Depois de compararem o possível vertebrado Anatolepis com um fóssil de artrópode conhecido do Museu Público de Milwaukee, perceberam que o que parecia tubos revestidos de dentina de um vertebrado era mais parecido com os órgãos sensoriais das conchas dos caranguejos, chamados sensila.

Isto significa que o Anatolepis, que foi considerado um vertebrado nas páginas da revista Nature em 1996, é, na verdade, um antigo artrópode invertebrado. Os grandes tubos de outro vertebrado do Ordoviciano chamado Eriptychius eram semelhantes em estrutura a estas sensilas, mas continham dentina.

“Isso mostra que os ‘dentes’ também podem ser sensoriais, mesmo quando não estão na boca”, disse Haridy. “Portanto, há uma armadura sensível nesses peixes. Há uma armadura sensível nesses artrópodes. Isso explica a confusão com esses animais do início do Cambriano. As pessoas pensavam que esse era o vertebrado mais antigo, mas na verdade era um artrópode.”

Estruturas semelhantes a dentes espalhadas pelo registro fóssil

Os tubarões, as raias e os bagres também têm estruturas semelhantes a dentes chamadas dentículos, que fazem com que a sua pele pareça lixa. Quando Haridy estudou os tecidos do seu bagre, ela viu que os dentículos estavam ligados a nervos, tal como um dente. Ela disse que as semelhanças com os dentes, os antigos odontodes dos peixes blindados e as sensilas dos artrópodes eram impressionantes.

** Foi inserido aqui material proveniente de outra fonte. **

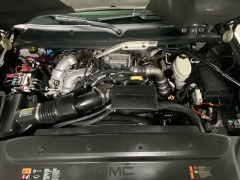 Used 2019  GMC Sierra 2500 4WD Crew Cab SLT at Ideal Cars Llc near Mesa&comma; AZ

“Acreditamos que os primeiros vertebrados, esses peixes grandes e blindados, tinham estruturas muito semelhantes, pelo menos morfologicamente. Eles parecem iguais nos artrópodes antigos e modernos, porque todos formam essa camada mineralizada que recobre seus tecidos moles e os ajuda a sentir o ambiente”, disse ela.

Existem duas escolas de pensamento sobre como estas estruturas acabaram por se tornar dentes. Uma, a hipótese «de dentro para fora», diz que os dentes surgiram primeiro e foram posteriormente adaptados para exoesqueletos. Este artigo apoiaria a segunda hipótese, «de fora para dentro», que diz que as estruturas sensíveis se desenvolveram primeiro nos exoesqueletos e, em algum momento, os animais utilizaram o mesmo conjunto de ferramentas genéticas para produzir dentes sensíveis também.

Embora não tenham identificado o peixe vertebrado mais antigo, Shubin disse que esta descoberta valeu bem o esforço.

«Para alguns destes fósseis que eram supostos vertebrados primitivos, mostrámos que não o são. Mas isso foi um pouco enganador», disse Shubin. «Não encontrámos o mais antigo, mas, de certa forma, encontrámos algo muito mais interessante.»